Kerry’s perspective is clear: the only way to manage a campus of this scale is to treat it as a small city. Academic buildings, student residences, laboratories, sports facilities, theatres, and infrastructure networks are all interdependent. The complexity lies not just in the number of assets, but in how they interact, and in the consequences when they don’t.
Higher education also presents challenges that transport and venue environments do not. Kerry had not managed residential accommodation before joining Warwick. The responsibility of making students feel safe and at home added a dimension that required a genuine shift in perspective.
Building Asset Visibility Across a 710-Acre Estate
When Kerry joined the University of Warwick, her first priority was understanding what the estate actually owned, its condition, its criticality, and how its assets interacted with each other.
She approached this through three parallel activities: achieving asset visibility, assuring statutory compliance, and engaging directly with her maintenance team.
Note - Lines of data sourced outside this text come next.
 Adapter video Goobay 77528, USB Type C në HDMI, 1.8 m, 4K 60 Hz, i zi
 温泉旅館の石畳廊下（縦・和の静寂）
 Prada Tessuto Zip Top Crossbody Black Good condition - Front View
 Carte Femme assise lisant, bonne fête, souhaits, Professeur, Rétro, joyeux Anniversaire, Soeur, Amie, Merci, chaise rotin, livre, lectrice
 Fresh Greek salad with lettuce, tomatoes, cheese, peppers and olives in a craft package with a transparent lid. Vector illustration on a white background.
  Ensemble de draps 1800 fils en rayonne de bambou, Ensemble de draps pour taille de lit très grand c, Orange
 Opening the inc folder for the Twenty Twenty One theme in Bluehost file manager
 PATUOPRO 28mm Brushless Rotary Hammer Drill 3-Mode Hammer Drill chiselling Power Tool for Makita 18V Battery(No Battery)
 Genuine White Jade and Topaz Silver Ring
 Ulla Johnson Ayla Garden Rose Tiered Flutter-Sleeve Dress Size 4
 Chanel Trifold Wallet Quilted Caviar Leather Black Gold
No desktop review alone was sufficient. Getting out across the estate, walking through buildings with faculty members, and understanding the research happening inside each facility was essential. An asset that might appear low-priority on a spreadsheet could turn out to be critical infrastructure supporting externally funded research.
Her maintenance team, with deep institutional knowledge of how buildings behave, where faults recur, and where risks lie, was treated as a primary source of intelligence from day one. The goal in those first months was not to change everything immediately, but to build a clear and honest picture of the estate and create confidence in a direction of travel.
Maintaining a Major Campus on a Constrained Budget
Like every university in the sector, the University of Warwick operates under real financial constraints. Kerry’s approach to budget prioritisation is built on three lenses, applied in sequence: safety and compliance first, operational resilience second, and student and academic experience third.
Within those parameters, strong asset lifecycle management becomes the mechanism for stretching investment further. The goal is not to spend as much as possible, but to spend intellectually, identifying which assets can be sweated further and which represent unacceptable risk if left without intervention. As Kerry puts it, good maintenance is not about spending money; it is about spending it in the right places.
Asset Lifecycle Management: Repair, Refurbish, or Replace?
One of Kerry’s core areas of focus at Warwick is shifting the maintenance team’s thinking from task completion to asset lifecycle strategy. Rather than defaulting to replacement, the question she asks is always: can this asset be repaired, refurbished, or repurposed sustainably?
The decision-making framework she applies draws on asset history, maintenance records, failure trends, and criticality ratings. High value does not automatically mean high priority for replacement. What matters is whether an asset, at its current condition, is impeding research, impairing teaching, or creating compliance risk. Without that data, decisions become reactive, and the operation becomes less efficient.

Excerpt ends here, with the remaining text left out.